The US Plan to Prevent Brazil from Becoming a New Cuba

Leonel Brizola in 1962 Declassified documents prove that the United States was planning a military coup in Brazil in the early sixties to prevent labor leader Leonel Brizola from reaching power and the possible "Cubanization" of the country revealed Tuesday daily Folha de S. Paulo.

In 1963 the US State Department already had a plan anticipating the Brazilian military coup which took place a year later, as an alternative to a possible "Cubanization" of the country if then governor Leonel Brizola (1922/2004) was elected president.

Folha de S. Paulo, which had access to the documents declassified by the US government and interviewed the man behind the plan, former US ambassador in Brasí­lia Lincoln Gordon, revealed that the US already anticipated a coup as an alternative to prevent Brizola or any other "left wing" leader from reaching Brasí­lia.
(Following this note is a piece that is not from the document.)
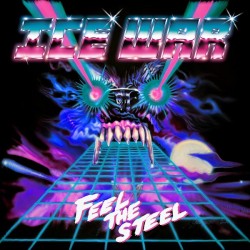 ICE WAR - Feel The Steel (CD)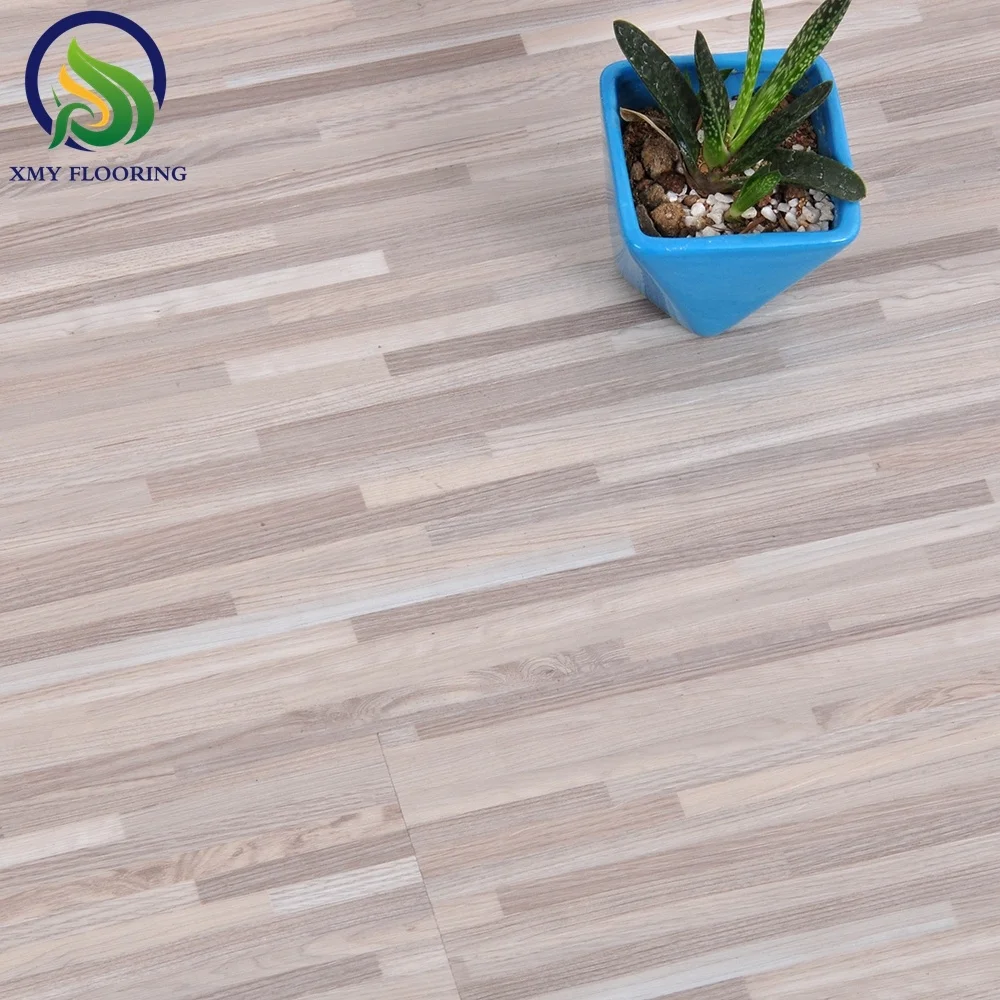 Grey Swift Lock Rigid Core Vinyl Laminate 4mm Spc Plank Flooring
Lincoln Gordon, 93, currently in a nursing home in Washington wrote the so called "Contingency plan for Brazil" in the sixties, warning about the possibility of Brizola becoming elected president, and in a second document requested clandestine shipments of weapons to be taken to Brazil at night by submarine in support of the military.

Both documents in spite of having been declassified from the secret archives of the US government do not have electronic copies and can only be consulted personally, points out the São Paulo daily.

Both reports are endorsed by Benjamin H Head (1905/1993) who then had a commanding post in the State Department and who further suggests the ousting of then elected president João Goulart, to be succeeded by the president of the Lower House Ranieri Mazzilli and then the "interim take over by the military."

"Brazil was running the risk of becoming a second Cuba," argued Lincoln Gordon with the reporters from the Brazilian newspaper. He also wrote the two reports and addressed them to President Lyndon Johnson asking for a quick reply to the "deteriorating (Brazilian) economy and growing political unrest." Johnson rejected both proposals according to the declassified reports.

Gordon later explains that the execution of the plan was not necessary because of the Brazilian military coup of 1964, and subsequent authoritarian rule which was to last until 1985.

President Goulart at the time accused Ambassador Gordon of conspiring to oust him because Brazil was planning to impose taxes on iron ore exports which were mostly under control of US steel companies.

The Brazilian top brass, which toppled Goulart, as young officers belonged to the land and air Brazilian Expeditionary Force which during Second World War fought mostly in Italy in support of the US war effort. The Brazilians were distinguished for their service when taking Monte Casino.

The first "interim military president" in April 1964 was Marshal Humberto de Alencar Castelo Branco, a Colonel at the time of the Brazilian Expeditionary Force.

In March 1964 President Goulart and governor Brizola to discourage strong civilian resistance in southern states to the military, and a possible bloodshed, fled to neighboring Uruguay where they took refuge until pressure from the Brazilian military government forced them to leave the country for Europe and the United States.

Goulart died under mysterious circumstances in Argentina in 1976 and Brizola survived him to become governor of Rio Grande do Sul, his native state, and of Rio do Janeiro, and run for president on several occasions.

The two "gaucho" (from Southern Brazil) political leaders who were described by the US State Department as left wing and admirers of Cuba were actually ranchers with extensive land holdings in their home state.

Brizola spent several years living in exile in New York before returning to Brazil in 1982 when he was first elected governor of Rio do Janeiro in spite of a vote fraud strategy planned by the military government to prevent him from getting back into politics.